Automatically Classifying the Mood of Blog Posts

Here’s one for your reading list.

Hardly a week goes by that we don’t read about new services that use blogs and the blogosphere to help measure what people are talking about (ie. buzz). Today, I came across a new paper by Gilad Mishne, a grad student at the University of Amsterdam. It reports on exploratory research to automatically (using machine learning) classify blog text based on the mood of the author.

Title: Experiments with Mood Classification in Blog Posts (PDF; 8 pages)

From the abstract:

We present preliminary work on classifying blog text according to the mood reported by its author during the writing. Our data consists of a large collection of blog posts ? online diary entries ? which include an indication of the writer?s mood. We obtain modest, but consistent improvements over a baseline; our results show that further increasing the amount of available training data will lead to an additional increase in accuracy. Additionally, we show that the classification accuracy, although low, is not substantially worse than human performance on the same task.
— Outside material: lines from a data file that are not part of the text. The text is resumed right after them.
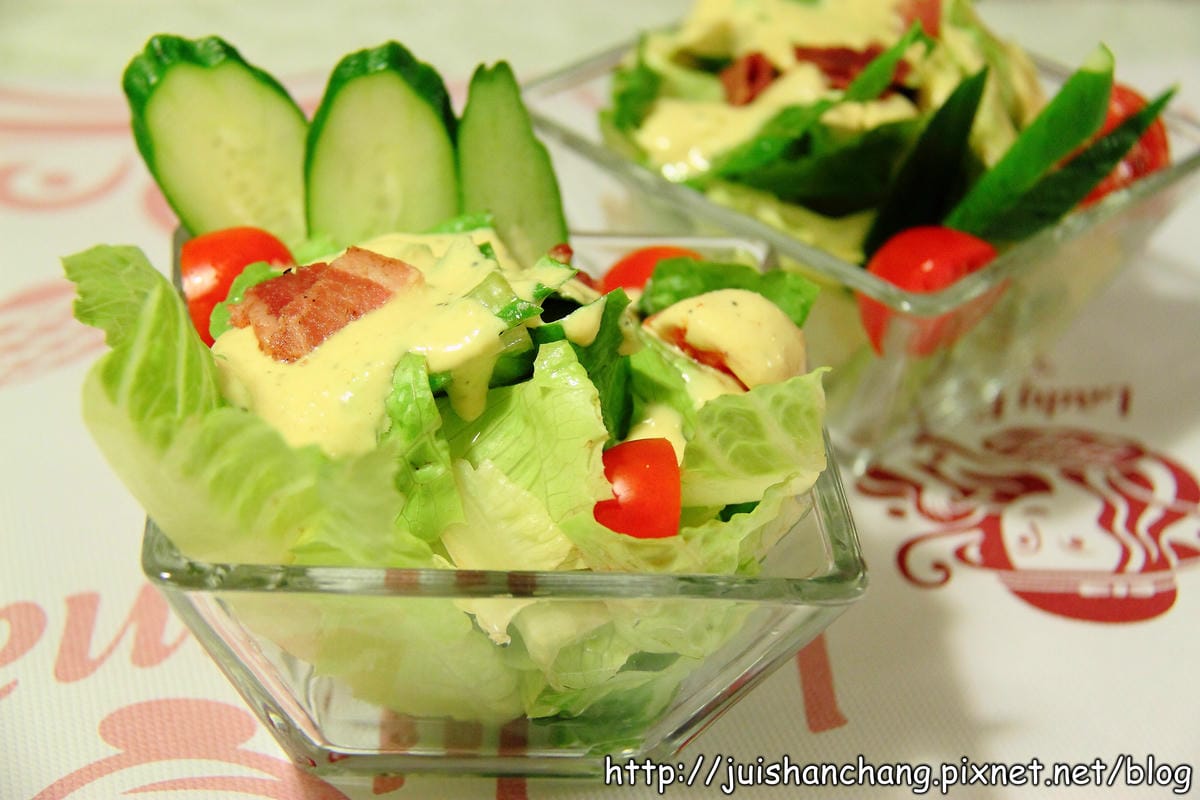 【食記—台北】艾瑪Lady Emma～可愛的鄉村風下午茶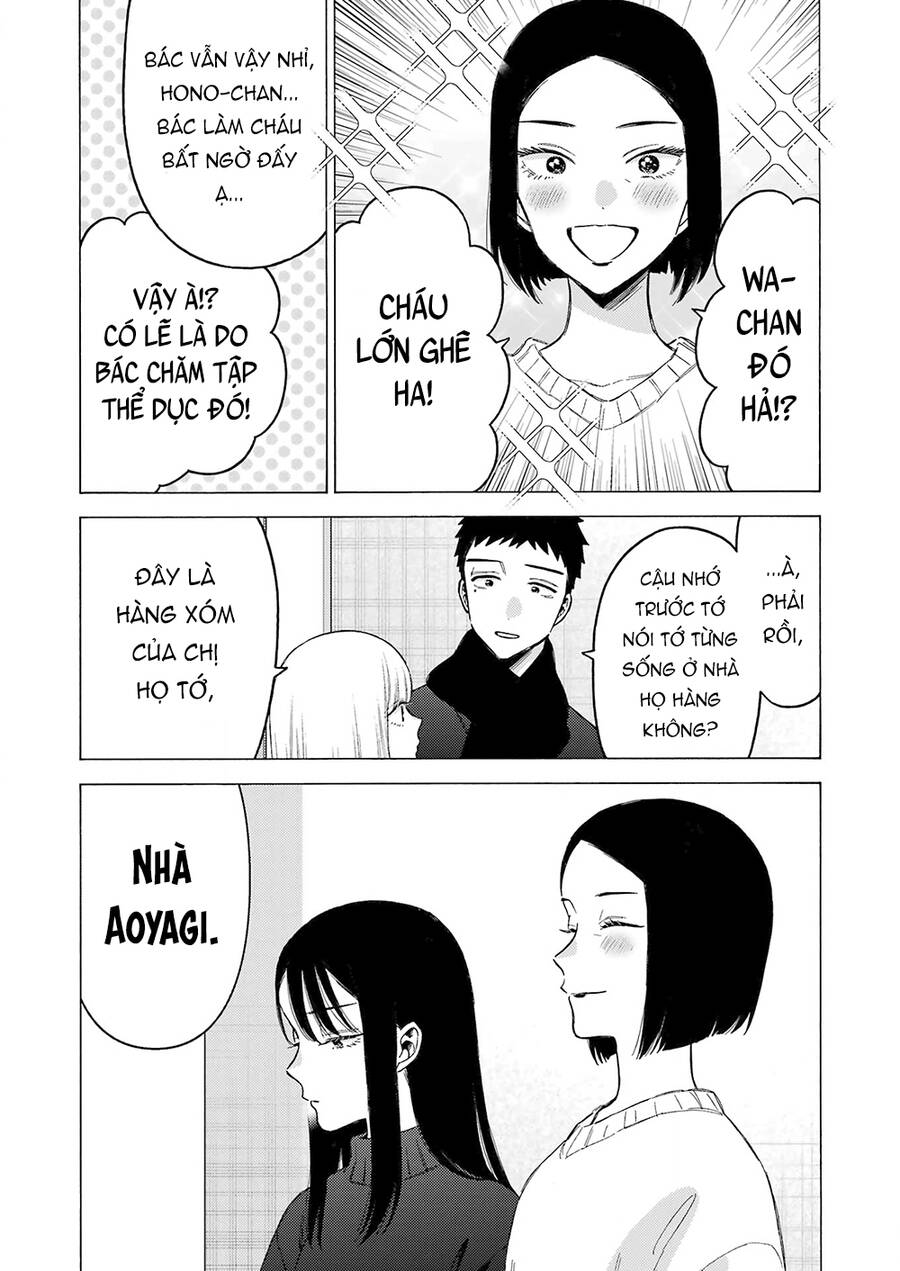 Nàng Nổi Loạn X Chàng Thợ May Chap 104 - Next Chap 105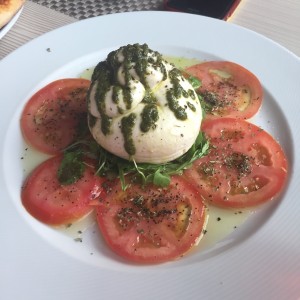burrata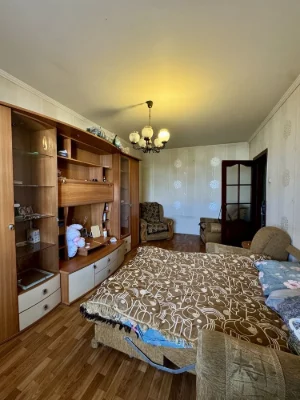 Sale of 2-room apartment, St. Sobornosti, district of Niva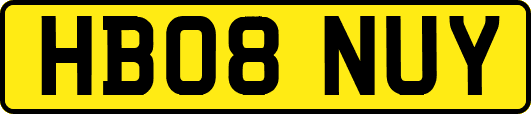 HB08NUY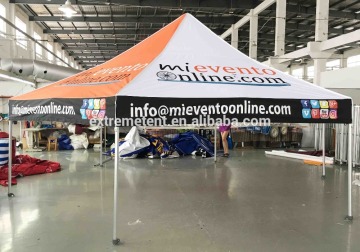 Outdoor Event Tent For Exhibition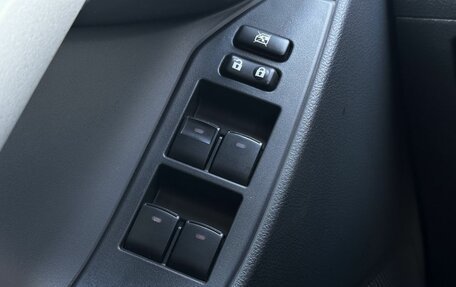 Toyota Verso I, 2012 год, 1 449 000 рублей, 20 фотография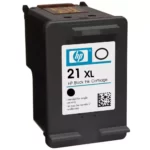 Tinta HP C9351CL (21XL) Negro 475 Pag. Deskjet 3920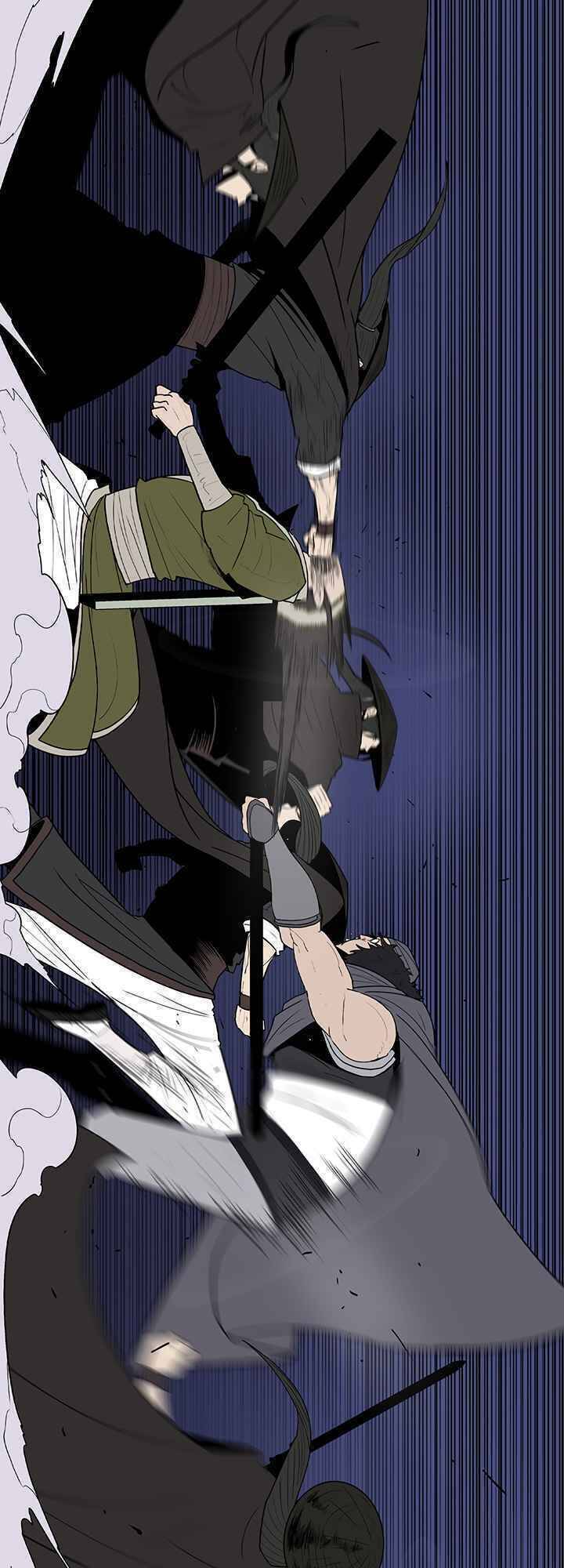 Bắc Kiếm Giang Hồ Chap 87 - Next Chap 88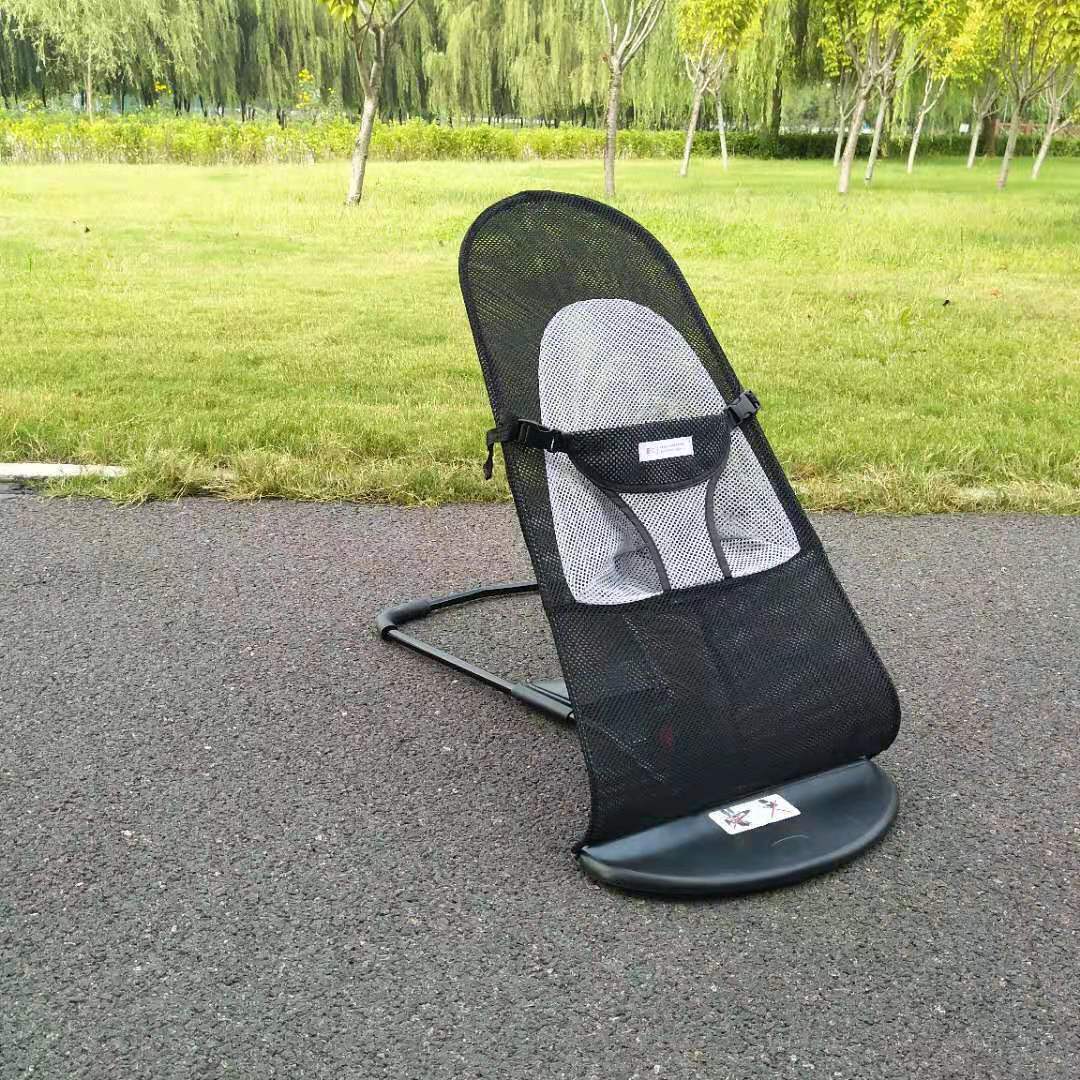 Portable Dog Bed Rocking Chair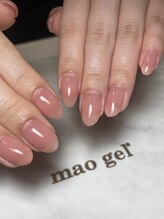 プライベートネイルサロン スイート(Sweet)/マオジェル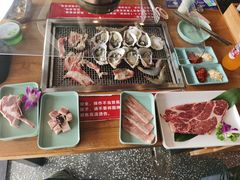 -蚝英雄鲜蚝自助专门店(长楹天街直营店)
Our main finding is that mood classification is a challenging task using current text analysis methods.

As the author goes on to point out:

Mood classification is useful for various applications…[and] can enable new textual access approaches, e.g., filtering search results by mood, identifying communities, clustering, and so on.

If you’re interested in blog search and/or mining the blogosphere, this paper is worth a look. It also has an excellent bibliography.

“Experiments with Mood Classification in Blog Posts,” was presented at the SIGIR conference earlier this month.